- 2025/04/23 掲載
世界の経済成長率、25年2.8%に下方修正 米関税で=IMF
[ワシントン 22日 ロイター] - 国際通貨基金(IMF)は22日に最新の「世界経済見通し」を公表し、米関税の影響を理由に米国や中国など多くの国・地域の経済成長率予測を引き下げた。貿易摩擦が悪化すればさらに低下すると警告している。
世界経済の成長率予測について、2025年を2.8%、26年を3%とし、1月時点の3.3%(両年とも)からそれぞれ0.5ポイント、0.3ポイント下方修正した。
インフレ率は関税の影響で1月時点の予測よりも緩やかに低下すると予想。25年は4.3%、26年は3.6%とした。米国などの先進国については「顕著な」上方修正になるという。
IMFは、現状は極めて複雑かつ流動的だとして、この報告書を今月4日までの情勢に基づく「参考予測」と位置付けた。
チーフエコノミストのピエール・オリビエ・グランシャ氏は記者団に「過去80年間機能してきた世界経済システムがリセットされ、われわれは新たな時代に入りつつある」と語った。

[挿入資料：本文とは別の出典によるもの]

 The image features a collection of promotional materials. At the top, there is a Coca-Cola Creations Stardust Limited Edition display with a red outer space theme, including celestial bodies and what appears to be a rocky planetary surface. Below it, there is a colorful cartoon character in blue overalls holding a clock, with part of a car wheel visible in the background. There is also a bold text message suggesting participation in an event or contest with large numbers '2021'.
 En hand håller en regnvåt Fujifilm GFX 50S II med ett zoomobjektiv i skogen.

IMFによると、貿易摩擦の激化と将来の政策に関する「極めて高いレベルの」不確実性が世界の経済活動に重大な影響を及ぼす見込み。
グランシャ氏はロイターとのインタビューで「これはかなり重大で、世界のあらゆる地域に打撃となる。米国、ユーロ圏、中国、そして世界の他の地域でも成長率が低下している」と指摘。「米国と他国の間で貿易摩擦が激化すれば、不確実性はさらに高まり、金融市場のボラティリティーもさらに高まり、金融環境が引き締まるだろう」と述べ、これらの複合的な影響で世界経済の成長見通しはさらに低下すると付け加えた。

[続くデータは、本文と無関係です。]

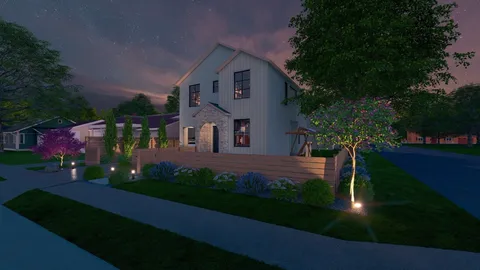 a front view of a house with yard and green space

成長見通しの弱まりによりドル需要はすでに低下しているものの、これまでの為替市場の調整とポートフォリオのリバランスは秩序立ったものだったと評価。「『出口への殺到や駆け込み』は見られない。現段階では国際通貨システムの強靭性を懸念していない」と語った。
<米・ユーロ圏・中国・日本>
IMFは政策の不確実性と貿易摩擦を理由に、米国の今年の経済成長率予測を1.8%とし、0.9ポイント下方修正。26年についても0.4ポイント引き下げ、1.7%とした。24年実績は2.8%だった。

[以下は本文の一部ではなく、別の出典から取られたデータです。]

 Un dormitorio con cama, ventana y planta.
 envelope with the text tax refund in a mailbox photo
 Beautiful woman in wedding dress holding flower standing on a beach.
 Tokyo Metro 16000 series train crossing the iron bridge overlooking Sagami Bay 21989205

グランシャ氏は記者団に対し、IMFとして米国の景気後退を予測していないとしつつ、そうした確率は高まっていると指摘。また、関税に加え、サービス部門の基調的な力強さを背景に、25年の米総合インフレ率は3%に達すると予測しており、これは1月時点より1ポイント高い水準だと述べた。
パウエル米連邦準備理事会(FRB)議長が解任された場合の影響を尋ねられると、中央銀行が独立性を維持できることが「極めて重要」だと答えた。
IMFはこのほか、ユーロ圏の成長率が25年に0.8%、26年に1.2%になると予測。いずれも1月時点から約0.2ポイント下方修正された。
中国の成長率は25年と26年ともに4%と予測。それぞれ0.6ポイントと0.5ポイント引き下げられた。
貿易摩擦と関税の影響で今年の日本の成長率予測も1月時点より0.5ポイント押し下げられ、0.6%になる見通し。